- Opening title card
- Directed by: Walter Forde
- Screenplay by: Howard Irving Young & Ted Kavanagh
- Based on: the BBC radio series by Ted Kavanagh
- Produced by: Edward Black
- Starring: Tommy Handley Greta Gynt Jack Train
- Cinematography: Basil Emmott
- Edited by: R. E. Dearing
- Music by: Hans May (original music) Louis Levy (musical direction)
- Production company: Gainsborough Pictures
- Distributed by: General Film Distributors (UK)
- Release date: 10 February 1943;
- Running time: 84 minutes
- Country: United Kingdom
- Language: English

= It's That Man Again (film) =

It's That Man Again is a 1943 British comedy film directed by Walter Forde and starring Tommy Handley, Greta Gynt and Jack Train. It was written by Howard Irving Young and Ted Kavanagh based on the BBC radio show It's That Man Again. In the film, the mayor of a small town lends his assistance to some drama students.

==Plot==
The disreputable mayor of the small town of Foaming at the Mouth gambles the civic accounts and wins a bombed-out local theatre. He steals the rights to a new play which he stages in an attempt to save the financial situation. However, local drama students he has cheated turn up and try to ruin the show.

==Cast==
- Tommy Handley as Mayor of "Foaming at the Mouth"
- Jack Train as Lefty and Funf
- Sydney Keith as Sam Scram
- Horace Percival as Alley-Oop / Cecil
- Dorothy Summers as Mrs. Mopp
- Dino Galvani as Soso
- Clarence Wright as Clarence
- Leonard Sharp as Claude
- Greta Gynt as Stella Ferris
- Claude Bailey as C.B. Cato
- Franklyn Bennett as Hilary Craven
- Vera Frances as Daisy
- Richard George as Uncle Percy
- Jean Kent as Kitty (uncredited)

==Critical reception==
The Monthly Film Bulletin wrote: "This play is a film reconstruction of the well-known Tommy Handley ITMA broadcasts. The well-known wireless gags are put over to the accompaniment of rollicking music-hall burlesque. The show will please all those who want to see what kind of bodies are attached to the voices on the air, and who like crazy, inconsequential material."
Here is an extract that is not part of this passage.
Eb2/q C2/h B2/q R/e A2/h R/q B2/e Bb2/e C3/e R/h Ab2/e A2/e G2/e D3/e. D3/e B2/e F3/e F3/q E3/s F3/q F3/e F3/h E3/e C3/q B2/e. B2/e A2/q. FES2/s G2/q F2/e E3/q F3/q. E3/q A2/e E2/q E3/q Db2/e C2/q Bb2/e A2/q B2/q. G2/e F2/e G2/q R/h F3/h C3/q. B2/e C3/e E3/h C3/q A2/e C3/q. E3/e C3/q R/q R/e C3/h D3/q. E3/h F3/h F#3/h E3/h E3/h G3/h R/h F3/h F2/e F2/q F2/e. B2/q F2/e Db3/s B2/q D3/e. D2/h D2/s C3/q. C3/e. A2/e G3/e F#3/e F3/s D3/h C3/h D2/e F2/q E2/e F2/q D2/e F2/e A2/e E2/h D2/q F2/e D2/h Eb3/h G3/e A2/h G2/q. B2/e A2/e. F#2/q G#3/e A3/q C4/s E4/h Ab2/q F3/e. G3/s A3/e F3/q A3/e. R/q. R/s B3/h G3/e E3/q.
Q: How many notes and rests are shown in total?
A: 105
Picture Show wrote: "Grand, uproarious crazy comedy ... Don't miss it."

TV Guide wrote: "This wartime comedy has some genuinely funny moments but never rises to the fevered pitch that would really give it the needed craziness. The story is taken from a delightfully loopy British radio show, but the translation to screen just doesn't work".
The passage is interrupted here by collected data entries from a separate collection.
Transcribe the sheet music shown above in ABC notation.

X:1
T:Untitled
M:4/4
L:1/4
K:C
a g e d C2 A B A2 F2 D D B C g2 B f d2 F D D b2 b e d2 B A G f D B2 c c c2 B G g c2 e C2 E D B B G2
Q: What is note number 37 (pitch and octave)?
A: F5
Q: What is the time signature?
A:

Radio Times called it "disappointing," commenting on Tommy Handley, "the Liverpool-born comic's fast-talking style felt forced when shackled to the demands of a storyline, and his weaknesses as a physical comedian restricted the type of business he was able to carry off. Thus, while casting him as the devious mayor of Foaming-at-the-Mouth seemed sound enough, the events that follow his acquisition of a bombed-out London theatre feel like so much padding."

The Spinning Image wrote: "if you approached it as a British predecessor to the Hollywood cult comedy Hellzapoppin' then you would have some idea of what to expect, with Handley demonstrating his dazzling ability with wordplay, reeling off the puns at a dizzying rate...Anarchic was the word to apply here, with the show they manage to get off the ground for the finale surprisingly hilarious in its throwing in everything but the kitchen sink style of laughs; before that it was patchily amusing, but engaging enough. As a record of a comedy phenomenon – twenty-two million listeners, as the titles proclaim – this was invaluable."